We saw this in Mexico City in the 1970s, when the city was reaching full capacity on its roads. In order to increase the available space for cars, the construction of a system of major thoroughfares was announced. Many boulevards lost their medians and trees to become one-way seven-lane streets crossing the city from one end to another. Their construction was very painful for city inhabitants, and during this time the traffic increased while buildings were torn down to make way for construction, sending dust everywhere. Nevertheless, in a few months’ time, the thoroughfares (known as the Ejes) gave car drivers an immediate increase of space and made it possible for drivers to cross the city in very short time while avoiding small winding streets. This was a very successful policy in terms of approval, however, the noxious consequences of these axes became evident only a few years later. Links between neighborhoods were lost; the increase of speed limits also brought new threats for pedestrians; people found incentives to buy more cars and therefore pollution levels also rose. Evidently, the city had once again reached capacity on its streets, and regrettably during the following decades the answer pursued by the city government was to keep finding ways to create more road space.

Increasing road space is not a long-term solution. Around the world, urbanists and city planners have come to the conclusion that there is no way around traffic.
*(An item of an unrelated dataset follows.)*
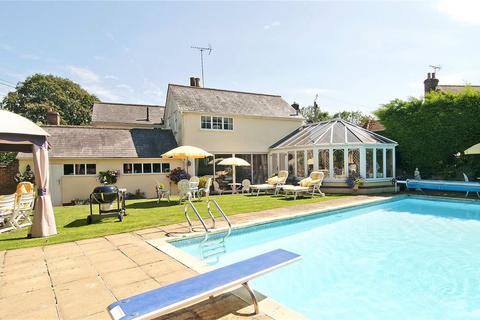 The Street, Pleshey, Chelmsford, CM3 5 bed detached house for sale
The only way to address or resolve the issue of traffic it is to make driving less attractive and make alternative ways of transport more efficient. But the problem with implementing a mobility solution that will offer sustainable transport in the future is that car-oriented policies are not only desirable to the car-owning population, but also by the population who wishes to own a car, making pro-car policies very attractive for politicians. Historically, the creation of more and wider streets has solved traffic problems in the short run, but the solution backfires after time by only intensifying the issue.

In order to have society demand long-term policies implemented by incumbents who we know care most about the short term, the goal must be for governments to efficiently communicate in the present time a policy’s future benefits. To achieve this, long-term policies must become legible, meaning that their goals must be easily understood by citizens. If this task seems rather easy, let us remember that it is seldom applied. When voters are aware of the future benefits of a policy, even if the present costs are high, they are more likely to reward incumbents for their decisions; for example, let us consider how investing in elementary education has become a policy cherished by voters today, even when the future benefits will take some time to be felt. Legibility in policy not only boosts the implementation of better policies, it also becomes a tool for informed citizens to go against popular but noxious policies and demand solutions for the future.

In sum, within a democratic context there are specific incentives that determine the creation of policy, and multiple preferences of society are an important factor for their implementation, despite the potential for a popular policy to produce harmful effects in the future. Since politicians often pursue policies that grant them immediate political capital, regardless of their future consequences, the legibility of policies becomes a key factor for any democratic regime. In order for governments to be able to answer to society’s demands without pursuing policies that could hinder future generations, their policies must become easily legible. Legibility is a political tool that should be more often applied due to its potential to align good politics and good policy.